One of the true challenges for us was memorization. I’ve had the good fortune to have been cast in a number of two-handers in my career…but I was much younger with a much more agile brain. Months before the rehearsals were to begin, you would find Jude and me sitting in our living room every morning, sipping Irish tea, and going over lines. We arrived at the first rehearsal fully memorized. Another challenge for me was to make a clear distinction between Jude and her character, Betty. This is no mean feat. if you’ve spent a lifetime with your mate (40 years in 2016). Dan had only met Betty for a week. Jude made this challenge quite easy for me. At every rehearsal and every performance I would marvel how she would transform herself into a woman I did not know at all but desperately wanted to spend my whole life with.

Other equally important gifts arrived along the way. Our designers gave us a set, lights and costumes that offered us so much confidence and freedom.. A faculty colleague of mine, Michael Rasbury, sat in on our first table read and in a week returned with the most beautiful score that supported us through the entire play. It’s impossible to adequately describe in words how much Jude and I relied on, were inspired by, and actually floated on Michael’s melodies every performance.. You will hear a bit of his music as an underscoring to this post.

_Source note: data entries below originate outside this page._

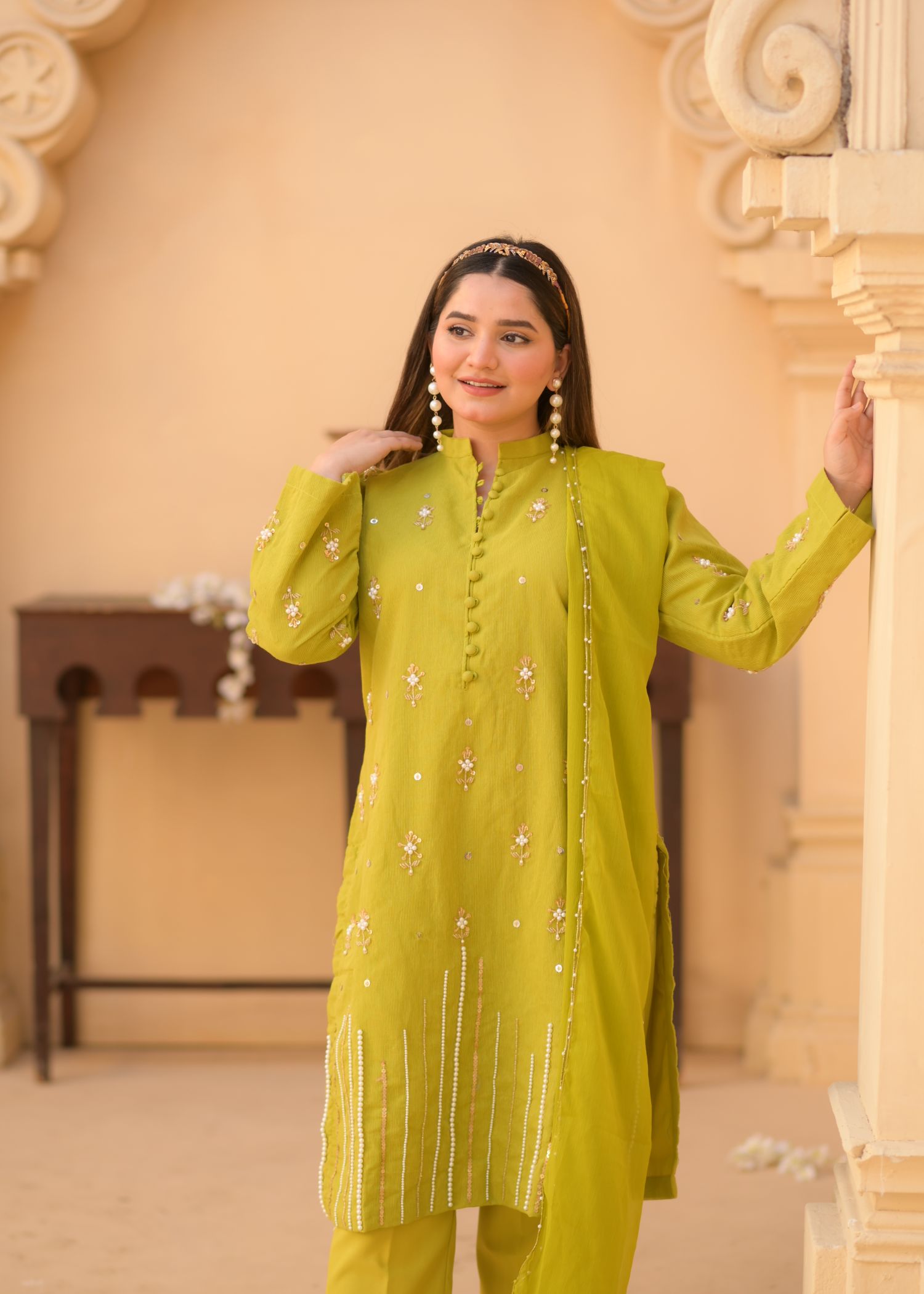 Ayesha B parrot green maha handwork Women 3pcs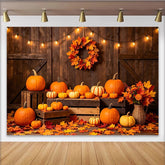 Lofaris Toile de fond d'automne rustique avec citrouilles et feuilles, arrière-plan de récolte pour décoration de fête et studio photo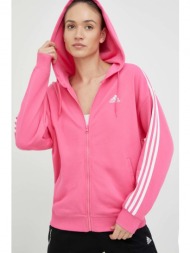 βαμβακερή μπλούζα adidas γυναικεία, χρώμα: ροζ, με κουκούλα κύριο υλικό: 100% βαμβάκι
πλέξη λαστιχο: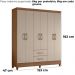 Guarda Roupa Casal Panama 6P 153 cm Carvalho Fendi Moval
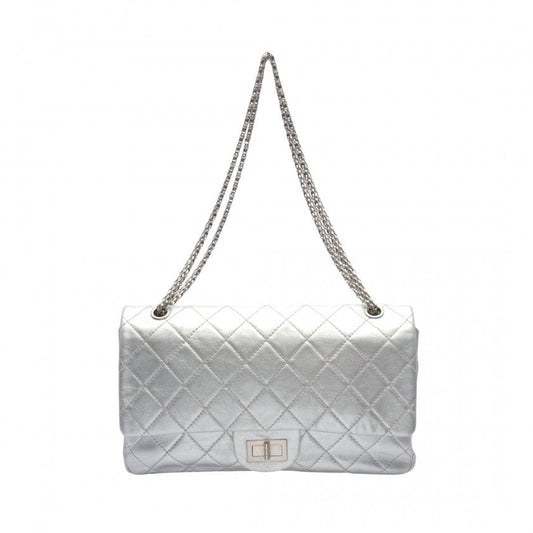 Chanel 2.55 Lambskin Jumbo Silver Double Flap Bag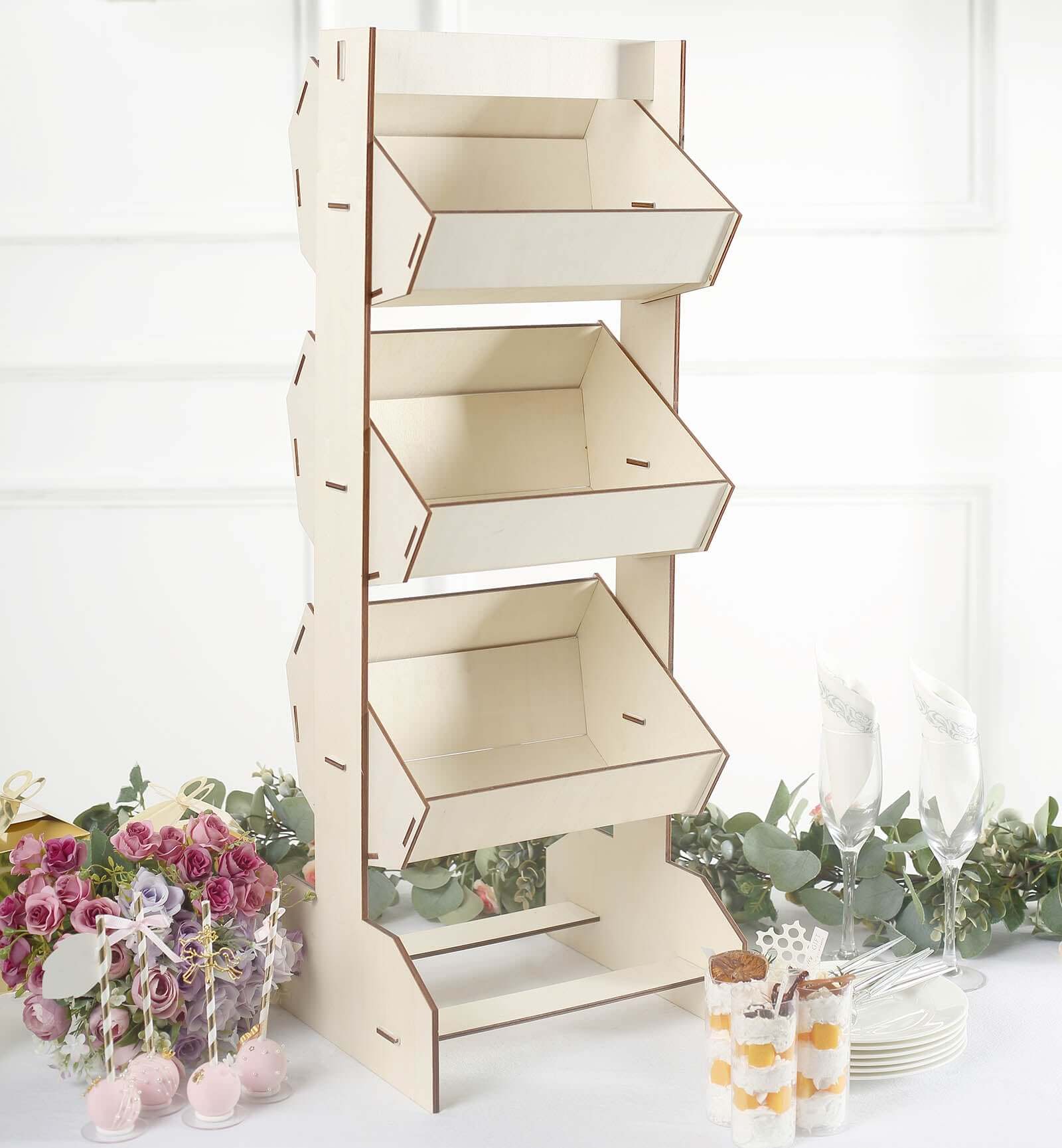 3-Tier Wooden Display Rack 33" Basket Floor Standing Design Natural - Rustic Tabletop Cupcake Dessert Shelf Holder - Image 4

The life of our production didn’t end with the closing of our two-week run at Heritage Festival Theater. Jude contacted a dear friend and long time colleague, Chuck Tobin. Chuck is the artistic director of the St. Michael’s Playhouse in Burlington Vermont. Chuck liked what he saw and placed our production with a new director and design team in his 2018 summer season. Kathy Markey, our St Mike’s director, guided us to deeper insights into our characters. It was a fun challenge to adjust our ideas from the intimate black box experience at Heritage to the 400 seat proscenium space at the Playhouse.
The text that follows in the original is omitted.